Cupcake giant Crumbs bakery declared bankruptcy.
In 2004, there were nearly 3,000 articles on cupcakes. Last year? 998. And most of them weren’t even about cupcakes. They wanted to know one thing: what’s the next cupcake?
And now? Ryan Palmer thinks he’s onto something. He owns Gourdough’s in Austin.
“Basically we found out that we could do anything we want to do with a donut,” Palmer says.
The $6 donuts can be sweet or savory – everything from chicken fried steak to peanut butter and jelly. Palmer says business is just fine.
“Everybody likes fried food,” he says. “Donut’s fried, cupcakes aren’t, makes them extra better.”
But fads can fry out so fast. For every singe success story, there’s been two satisfries. Right?
All About Branding
Brian Herbstreit says the right branding keeps a pastry fresher longer. That’s why he bought into a franchise instead of starting from scratch. “Nothing Bundt Cakes” spent a lot of time up front finding out what customers want.
“Bundtinis are the smallest size, we sell those by the dozen. We have bundlets – bundtlets are about the size of your fist, that’s our version of a cupcake,” Herbstreit says.
Herbstreit thinks the small size, coupled with the combination of nostalgia and trendiness, is an irresistible draw for old and young alike. So where can you catch some of that lightning in a bottle?
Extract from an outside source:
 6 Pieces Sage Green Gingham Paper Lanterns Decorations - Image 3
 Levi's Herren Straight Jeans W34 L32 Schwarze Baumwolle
University of Houston marketing professor Betsy Gelb says the secret to baked success is social – as in Pinterest, Twitter and Tumblr.
“It’s a conversation piece; now you have something to maybe talk about on social media,” Gelb says. “All of that tremendously helps what I call the upstart baker.”
So whatever you buy for your sweetie this Valentine’s Day – make sure to take lots of pictures.